Existen millones de brasileños con las manos y la conciencia aún limpias que devolverán el respeto que merece Brasil

Juan Arias

¿Puede un taxista revelar con un simple gesto algo sobre la crisis desencadenada en Brasil, en la que se acumulan problemas económicos y políticos, mientras crece el río de lodo de la corrupción?

No sé lo que el taxista que me llevó el sábado pasado en São Paulo desde un hotel a un restaurante —junto con tres compañeros míos del periódico— piensa sobre la crisis política que tiene al país en estado de alerta.

Mi taxista —así lo voy a llamar porque ignoro su nombre— no habló una sola palabra durante los casi 40 minutos del trayecto.

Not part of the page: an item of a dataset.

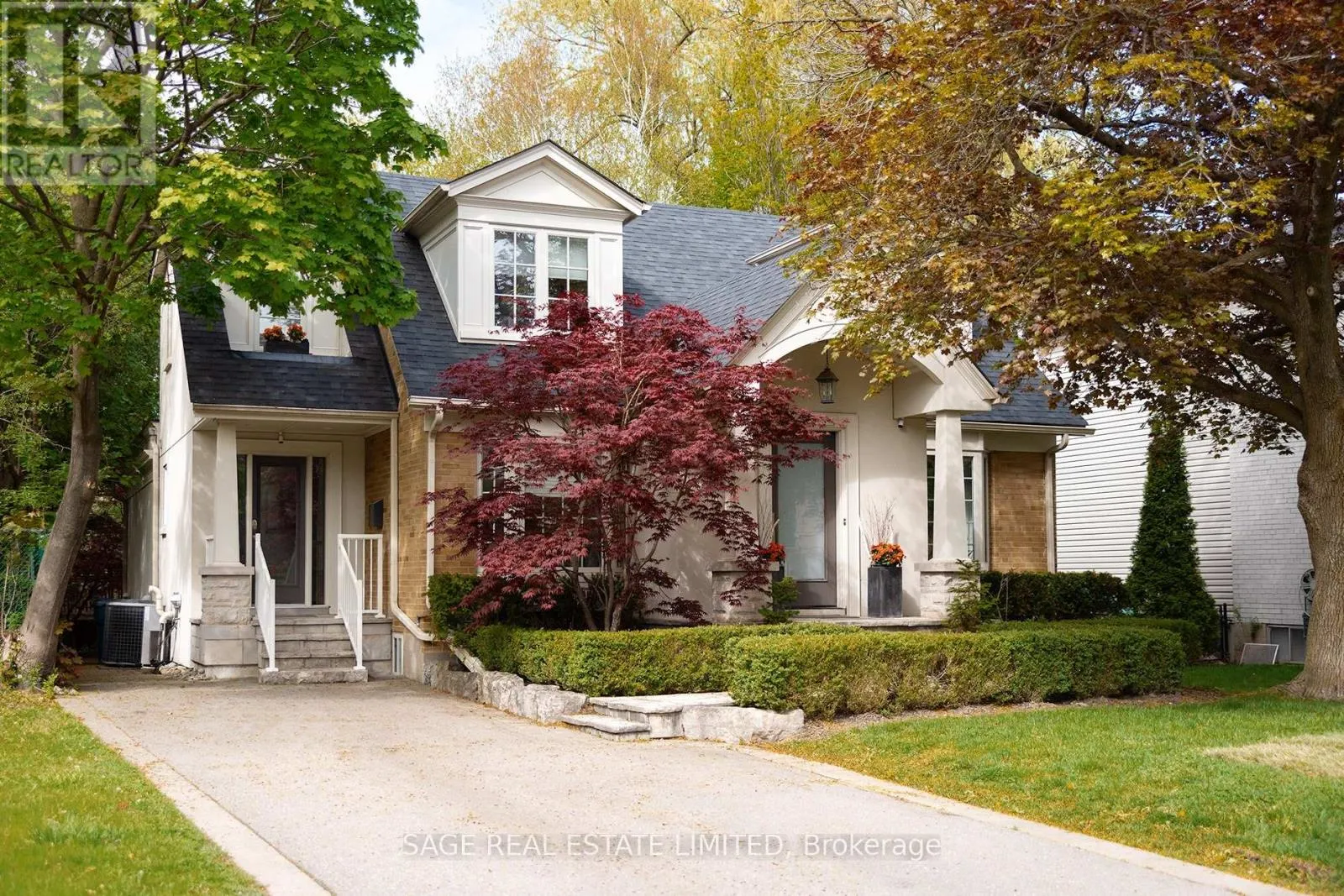 House for rent: 9 Canfield Place, Toronto, Ontario M3B 2V5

Y, sin embargo, ha acabado, con un gesto que he querido contar aquí, por revelar más sobre las causas profundas de la corrupción que avergüenza al país y a las personas de bien que decenas de debates.

Del restaurante yo iba a regresar directamente a Río, por lo que me llevé la maleta en el taxi. En medio del almuerzo, uno de mis compañeros me dijo: "¿Juan, está ahí contigo tu maleta?". No estaba. La había olvidado en el taxi. La di por perdida. ¿Cómo encontrar a un taxista anónimo en medio a los 33.000 que circulan por la ciudad de São Paulo?

Hicimos una tentativa al llamar al hotel por si acaso hubiese ocurrido el milagro de que el taxista la hubiese devuelto. Nada. Ya buscando otro taxi para ir al aeropuerto, mi compañero volvió a llamar, aunque sin esperanzas, al hotel. Sorpresa. El taxista había vuelto y la había dejado allí sin dar su nombre ni dejar un teléfono.

Eran 40 minutos de viaje, casi 50 reales de trayecto. Tiempo y dinero que el taxista gastó para volver al hotel y dejar mi maleta.

¿Por qué consideré aquel gesto de mi taxista como una revelación relacionada con el momento que vive Brasil, enfangado de corrupción por aquellos que tendrían la obligación de dar ejemplo de dignidad y respeto a los 200 millones de brasileños?

Él tenía una respuesta empezando por su pequeño mundo, al seguir a su conciencia y no a los halagos del enriquecimiento fácil

Antes de escribir esta columna había asistido al programa Globo News Panel, de William Vaack, con dos analistas políticos y una socióloga. Fue un debate serio, profundo, sobre la crisis política, económica y moral que agarrota al país. William les hizo a los tres expertos una pregunta clave final: "¿Cómo sale Brasil de esta crisis de credibilidad que podría conducir a una crisis institucional aún más grave?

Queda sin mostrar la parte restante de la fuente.